Sergeant Damian Valdez, El Centro Police Department, talks about the Unmanned Aerial System project that will be used in law enforcement and fire services via virtual Zoom during a public forum Wednesday, April 14.

EL CENTRO — The El Centro Police Department presented a community forum Wednesday, April 14, to introduce the use of unmanned aerial system (UAS) as an additional future law enforcement service in the City. 

The City Council members, law enforcement officers, officials, and community members participated in the public outreach forum via Zoom. Other concerned residents participated through social media.

Officer Robert Sawyer presented the proposal and an overview of the unmanned aerial system which is popularly known as a drone. UAS is also called Unmanned aerial vehicles (UAV). A drone is an unmanned aircraft robot, equipped with a surveillance camera, that is remotely controlled by a pilot on the ground using an electronic console. Drones are used in military, commercial, and civilian applications. 

The drones will be used in law enforcement, fire emergencies, and by rescue responders to natural disasters, said Sergeant Damian Valdez. 

“UAS will enhance police operations,” said Valdez, whose team had explored and researched drone use and application for the past two years. He has consulted with the Imperial County Sheriff’s Office, Chula Vista and San Diego police departments, and civil liberties organizations as well. In October 2020, the El Centro City Council members supported and endorsed the UAS pilot program for law enforcement, firefighters, and public works personnel. 

Valdez talked about the benefits, objections, implementation, operation policies, cost, and further steps to finalize the project. At the end of the presentation, inquiries from community members were read and responded to by Sawyer. 

A major concern from the community forum was surveillance and intrusion into the personal privacy of individuals. 

“There is no intentional observation of locations,” said Valdez, referring to backyards, homes, and private buildings. He said the UAS will be deployed only in response to calls or for active incidents. 

“Deployment of drones is mission specific and launched with the approval of the commander,” said Valdez. Among its applications are crime scene investigations, suspect searches in hard to search areas, rescue operations, intelligence gathering, and locating illegal camping. “It will not be equipped with weapons.”

Currently, there is no readily available air support and the El Centro Police Department had to rely on the availability of helicopter support from the Imperial County Sheriff’s Office and the Customs and Border Protection agencies. 

According to Valdez, the UAS is much cheaper than a helicopter in terms of equipment, maintenance, and human resources.

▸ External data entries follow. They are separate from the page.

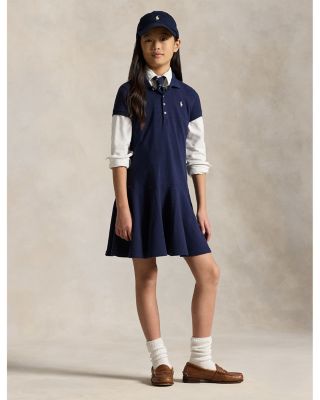 Girls' Polo Dress - Big Kid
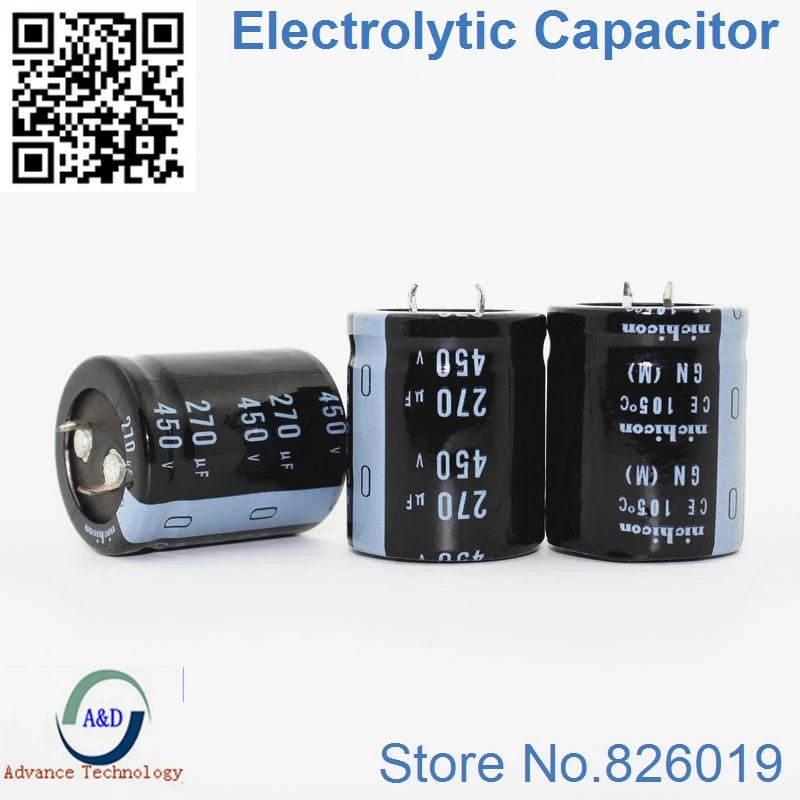 

12pcs/lot 450v 270uf Radial DIP Aluminum Electrolytic Capacitors size 30*35 270uf 450v Tolerance 20%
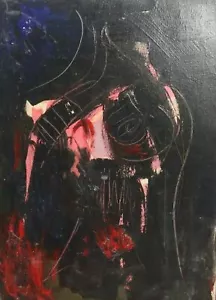 quadro olio composizione astratta anni 80 - Foto 1 di 12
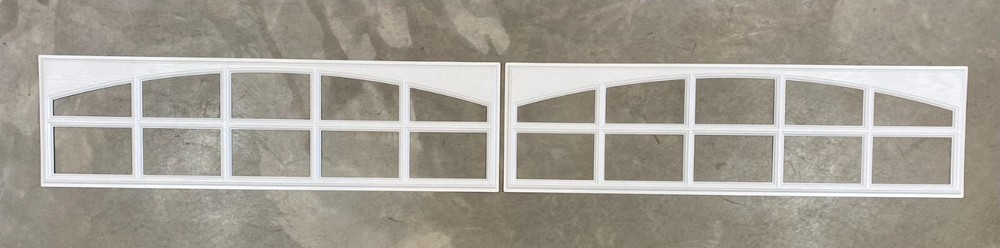 2 Amarr Cascade Replacement Inserts for Long Panel Amarr Garage Doors White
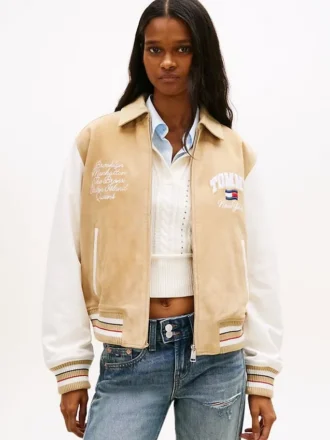 Tommy Jeans スエード・バーシティ・ジャケット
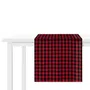 Bieżnik REJ w kratę czerwony 40x160 cm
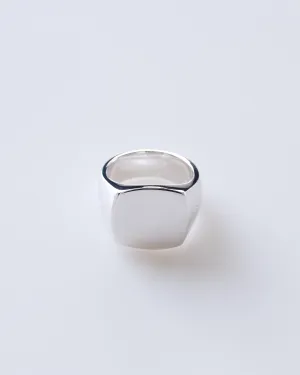 Tom Wood Cushion Ring (M) Polished Silver 925
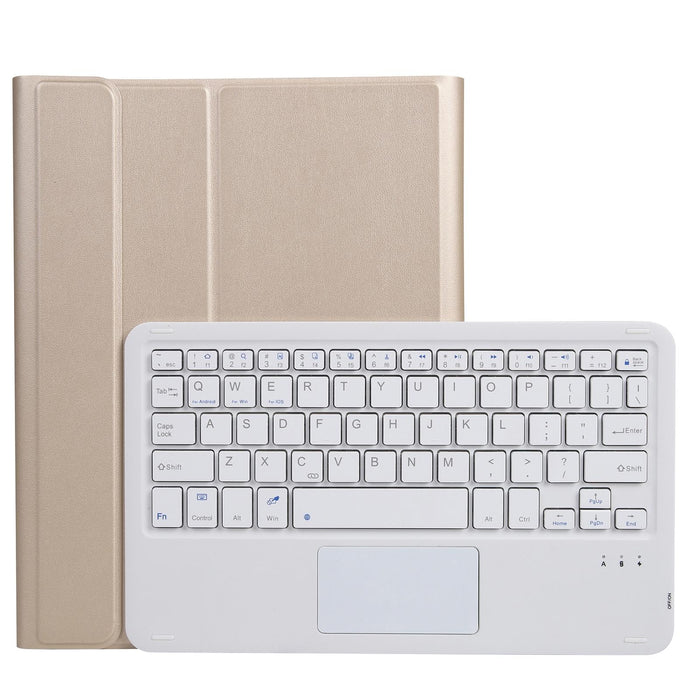 2 In 1 Removable Bluetooth Keyboard & Protective Leather Tablet Case With Touchpad & Holder For Ipad Pro 11 2021 / 2020 / 2018 Ipad Air 2020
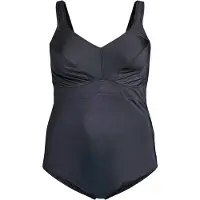 Swim By Zizzi Fato de banho 'SRIKA' preto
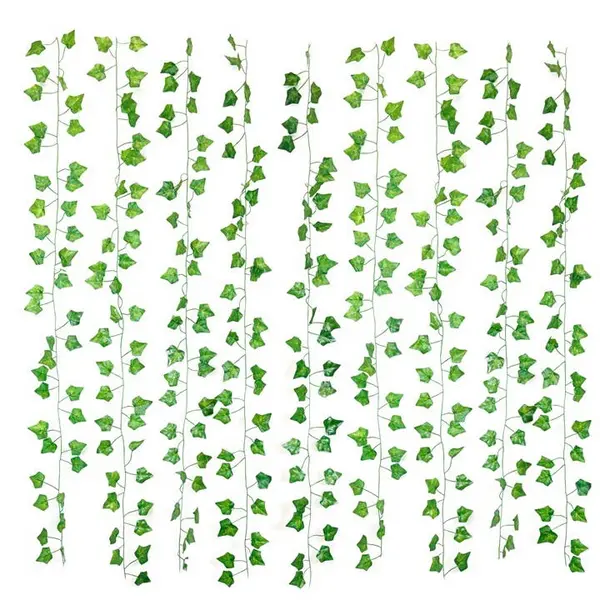 Image of Streetwize Artificial Ivy Vines (Pack of 12) 2m Length Green 83845015000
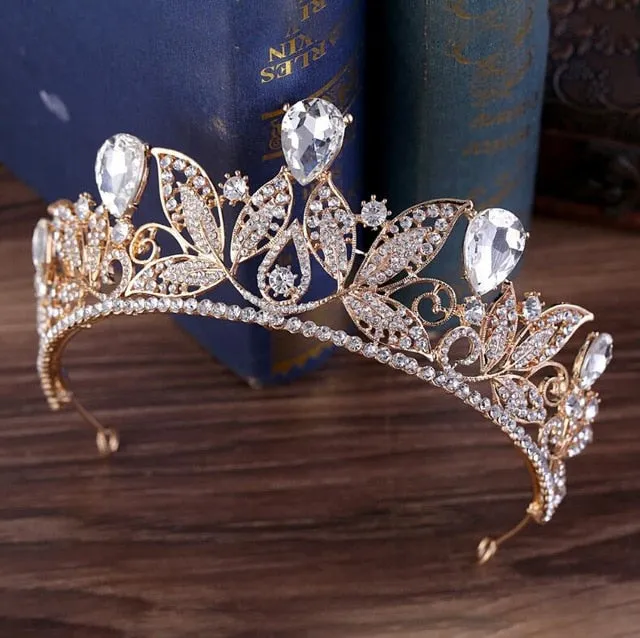 Vintage Princess Rhinestone Bridal Tiara Wedding  Crown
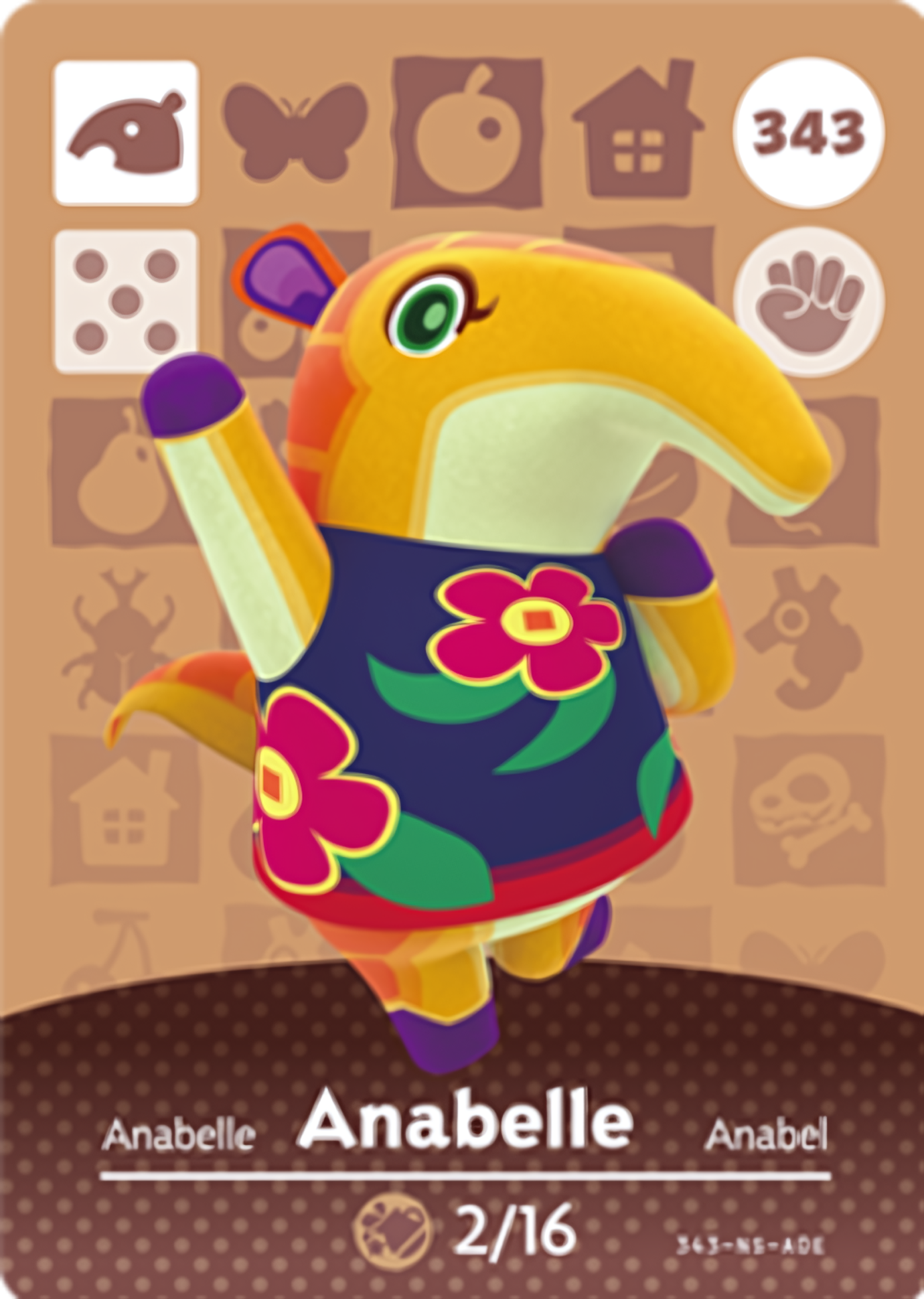 Anabelle NFC Card – Animal Crossing Series 4 Amiibo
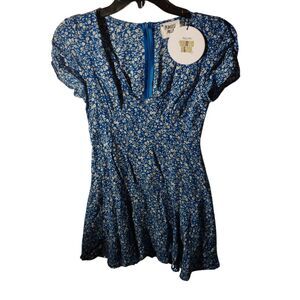 Princess Polly Blue Mini Romper Size‎ 0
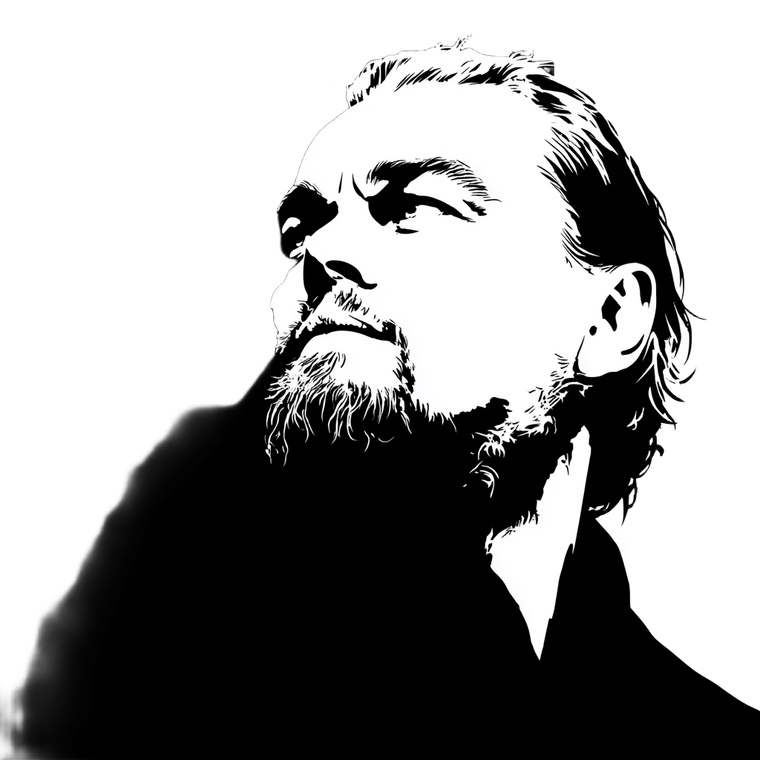 Leonardo Dicaprio V2 Vinyl Car Decal Sticker – Waterproof & UV-Resistant 3.4133333333333336"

The drone can easily be deployed in a short time period from a patrol car unit and immediately keep track of a suspect or an emergency situation. It can explore inaccessible areas without exposing law enforcement officers or firefighters to any potential threats of violence or natural dangers such as volatile gases and burning sites. 

The cost for the UAS comes from a grant and will include consulting fees, required permits, equipment, software, storage, and pilot training. 

According to Valdez, the next step is to reach out and provide community education to allay the fears of residents. The next forum is at 2 p.m. on Saturday, April 24, and will again be hosted by the El Centro Police Department. 

“The UAS will improve the safety of police and fire personnel and it makes our job easier,” said Valdez.